Ce moteur est un vrai bijou!

Il n’y a officiellement plus de honte à conduire une voiture sport américaine équipée d’un V6. En fait, dans le cas de Chrysler, le V6 s’avère désormais un achat plus futé que le Hemi.

Il n’est peut-être pas aussi puissant que son confrère à huit cylindres, mais le V6 Pentastar de 3,6 litres est tout simplement solide. Il propulse désormais presque tout chez Fiat Chrysler, des Caravans aux Wranglers.

La première chose qu’on remarque avec le Pentastar est à quel point il est silencieux en conduite de tous les jours. Il révolutionne librement jusqu’à son coupe-feu de 6500 tours/min et produit un son du tonnerre une fois passée la barre des 3500 tours, lorsqu’il commence à réellement livrer tout son couple. Ce moteur ne manque jamais de puissance. Je l’avoue, la 300 a été conçue en fonction d’un moteur V8, mais je vous assure que le V6 offre amplement de puissance.

Selon Chrysler, le 0 à 100 km/h se fait en un chrono de 6,5 secondes.

Des défauts charmants

Bizarrement, ce qui constitue le réel charme de la Chrysler 300 2016 est le fait qu’elle est loin d’être une voiture parfaite. Revenons sur ce moteur V6; bien qu’il soit moins énergivore que le V8, il ne fait pas de la 300 une voiture économique pour autant.

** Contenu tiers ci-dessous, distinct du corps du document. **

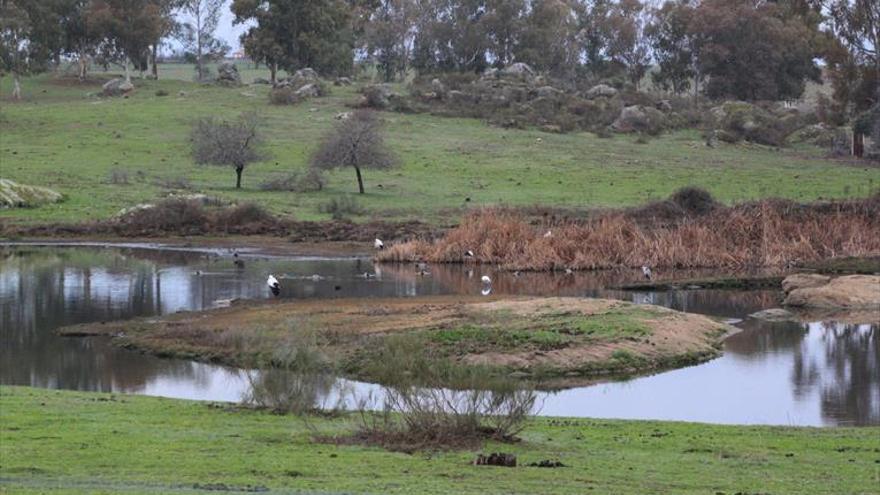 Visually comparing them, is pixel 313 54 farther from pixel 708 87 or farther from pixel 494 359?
pixel 494 359

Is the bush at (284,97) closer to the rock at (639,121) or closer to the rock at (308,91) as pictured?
the rock at (308,91)

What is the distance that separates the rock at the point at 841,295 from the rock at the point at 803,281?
0.81 feet

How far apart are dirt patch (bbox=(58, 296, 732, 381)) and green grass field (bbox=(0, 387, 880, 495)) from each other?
15.9ft

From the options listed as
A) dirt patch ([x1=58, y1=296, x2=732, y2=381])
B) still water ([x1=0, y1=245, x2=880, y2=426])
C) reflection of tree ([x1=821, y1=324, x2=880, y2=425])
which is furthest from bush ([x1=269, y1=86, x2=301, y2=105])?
reflection of tree ([x1=821, y1=324, x2=880, y2=425])

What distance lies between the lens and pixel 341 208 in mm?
56125

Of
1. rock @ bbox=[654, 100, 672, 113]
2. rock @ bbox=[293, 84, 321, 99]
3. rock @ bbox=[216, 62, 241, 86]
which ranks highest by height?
rock @ bbox=[216, 62, 241, 86]

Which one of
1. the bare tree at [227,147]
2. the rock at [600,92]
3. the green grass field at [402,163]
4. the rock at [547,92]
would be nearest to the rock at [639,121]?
the green grass field at [402,163]

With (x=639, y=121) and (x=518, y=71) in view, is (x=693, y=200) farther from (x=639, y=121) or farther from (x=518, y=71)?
(x=518, y=71)

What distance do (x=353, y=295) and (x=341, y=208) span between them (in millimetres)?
18340

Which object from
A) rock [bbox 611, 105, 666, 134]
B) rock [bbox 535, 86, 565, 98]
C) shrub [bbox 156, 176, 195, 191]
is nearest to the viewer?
shrub [bbox 156, 176, 195, 191]

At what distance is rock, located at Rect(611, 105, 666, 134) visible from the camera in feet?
276

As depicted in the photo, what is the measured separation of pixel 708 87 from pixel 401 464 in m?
87.2

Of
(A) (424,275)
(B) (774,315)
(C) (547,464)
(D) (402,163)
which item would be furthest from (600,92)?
(C) (547,464)

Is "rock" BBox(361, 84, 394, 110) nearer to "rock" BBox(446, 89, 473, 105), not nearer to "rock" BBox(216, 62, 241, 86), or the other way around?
"rock" BBox(446, 89, 473, 105) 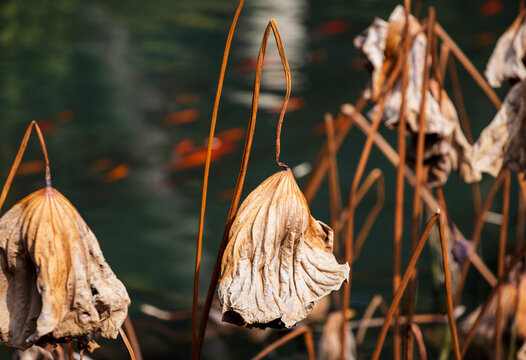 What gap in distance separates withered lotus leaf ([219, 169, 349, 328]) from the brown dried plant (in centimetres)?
8

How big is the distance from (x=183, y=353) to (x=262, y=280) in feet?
2.47

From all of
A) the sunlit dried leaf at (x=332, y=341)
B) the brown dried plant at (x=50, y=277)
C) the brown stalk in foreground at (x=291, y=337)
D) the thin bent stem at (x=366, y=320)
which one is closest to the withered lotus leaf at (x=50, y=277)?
the brown dried plant at (x=50, y=277)

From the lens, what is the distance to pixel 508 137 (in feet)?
1.82

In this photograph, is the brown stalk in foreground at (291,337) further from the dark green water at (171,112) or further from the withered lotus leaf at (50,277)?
the dark green water at (171,112)

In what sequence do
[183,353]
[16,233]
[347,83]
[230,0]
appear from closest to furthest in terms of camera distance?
[16,233], [183,353], [347,83], [230,0]

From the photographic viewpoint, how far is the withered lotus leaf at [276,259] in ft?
1.28

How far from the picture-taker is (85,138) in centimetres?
203

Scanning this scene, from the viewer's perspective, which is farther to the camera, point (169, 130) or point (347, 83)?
point (347, 83)

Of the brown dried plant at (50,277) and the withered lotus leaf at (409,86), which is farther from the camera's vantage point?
the withered lotus leaf at (409,86)

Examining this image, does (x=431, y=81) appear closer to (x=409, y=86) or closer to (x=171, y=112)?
(x=409, y=86)

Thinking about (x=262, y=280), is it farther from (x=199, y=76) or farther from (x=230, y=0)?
(x=230, y=0)

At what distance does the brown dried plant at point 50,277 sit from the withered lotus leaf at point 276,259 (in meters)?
0.08

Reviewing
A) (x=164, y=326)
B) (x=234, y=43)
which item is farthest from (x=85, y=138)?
(x=164, y=326)

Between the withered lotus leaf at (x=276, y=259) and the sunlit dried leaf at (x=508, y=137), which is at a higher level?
the sunlit dried leaf at (x=508, y=137)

Durant mon essai, ma meilleure moyenne de consommation a été 9,5 litres / 100 km. Il faut mentionner que j’étais en mode D, que je contrôlais mes accélérations et que je conduisais comme une personne de l’âge d’or. En conduite normale, c’est-à-dire en mode S avec toutes les restrictions désactivées, ma moyenne a rapidement grimpé à 12 litres / 100 km. Pas vraiment économique, surtout pour un V6.

Un autre défaut important de la 300 est le dégagement restreint au plafond pour les occupants à l’arrière. Ironiquement, malgré ses proportions extérieures imposantes, notre tête touche facilement le plafond.

Ces défauts demeurent toutefois mineurs par rapport à l’agrément de conduite qu’offre la 300. De plus, son ensemble sport, qui vient muni d’une panoplie d’accessoires technologiques pratiques, comme un régulateur de vitesse intelligent et l’assistance au stationnement, en plus d’un époustouflant système de son Beats by Dr. Dre, transforme la 300S en une berline de luxe sport à prix très concurrentiel.

Plus important encore, la 300 conserve tous les attraits positifs des berlines américaines d’autrefois.

La 300S n’est peut-être pas une voiture raffinée, mais elle compense avec une prestance hors pair sur la route.  Son apparence provocante, toujours attrayante 10 ans après sa sortie, lui confère une flamboyance inégalée dans ce créneau féroce. Et ça, à mon sens, c’est assez pour me donner envie d’en acheter une.